──────── Data provided
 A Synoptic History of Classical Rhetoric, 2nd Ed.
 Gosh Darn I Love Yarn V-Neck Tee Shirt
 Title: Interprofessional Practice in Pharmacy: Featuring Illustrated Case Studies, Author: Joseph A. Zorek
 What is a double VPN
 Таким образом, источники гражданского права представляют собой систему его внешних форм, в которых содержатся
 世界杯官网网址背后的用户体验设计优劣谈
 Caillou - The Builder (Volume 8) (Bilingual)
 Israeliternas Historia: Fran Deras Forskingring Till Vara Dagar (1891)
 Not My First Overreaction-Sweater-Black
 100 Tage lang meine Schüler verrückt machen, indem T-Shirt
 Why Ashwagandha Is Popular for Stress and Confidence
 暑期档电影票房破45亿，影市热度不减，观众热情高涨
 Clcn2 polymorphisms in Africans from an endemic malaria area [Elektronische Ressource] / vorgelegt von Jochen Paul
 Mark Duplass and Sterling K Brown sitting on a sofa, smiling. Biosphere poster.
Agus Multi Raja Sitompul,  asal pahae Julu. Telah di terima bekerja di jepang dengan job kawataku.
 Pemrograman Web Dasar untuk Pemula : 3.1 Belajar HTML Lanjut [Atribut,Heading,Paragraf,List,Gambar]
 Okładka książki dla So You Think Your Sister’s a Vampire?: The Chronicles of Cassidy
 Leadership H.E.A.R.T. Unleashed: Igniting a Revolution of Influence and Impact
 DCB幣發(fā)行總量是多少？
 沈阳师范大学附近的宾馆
────────────────
The reply should hold only the lines from the top of the records through the line that has "Agus Multi Raja", each one exact.

 A Synoptic History of Classical Rhetoric, 2nd Ed.
 Gosh Darn I Love Yarn V-Neck Tee Shirt
 Title: Interprofessional Practice in Pharmacy: Featuring Illustrated Case Studies, Author: Joseph A. Zorek
 What is a double VPN
 Таким образом, источники гражданского права представляют собой систему его внешних форм, в которых содержатся
 世界杯官网网址背后的用户体验设计优劣谈
 Caillou - The Builder (Volume 8) (Bilingual)
 Israeliternas Historia: Fran Deras Forskingring Till Vara Dagar (1891)
 Not My First Overreaction-Sweater-Black
 100 Tage lang meine Schüler verrückt machen, indem T-Shirt
 Why Ashwagandha Is Popular for Stress and Confidence
 暑期档电影票房破45亿，影市热度不减，观众热情高涨
 Clcn2 polymorphisms in Africans from an endemic malaria area [Elektronische Ressource] / vorgelegt von Jochen Paul
 Mark Duplass and Sterling K Brown sitting on a sofa, smiling. Biosphere poster.
Agus Multi Raja Sitompul,  asal pahae Julu. Telah di terima bekerja di jepang dengan job kawataku.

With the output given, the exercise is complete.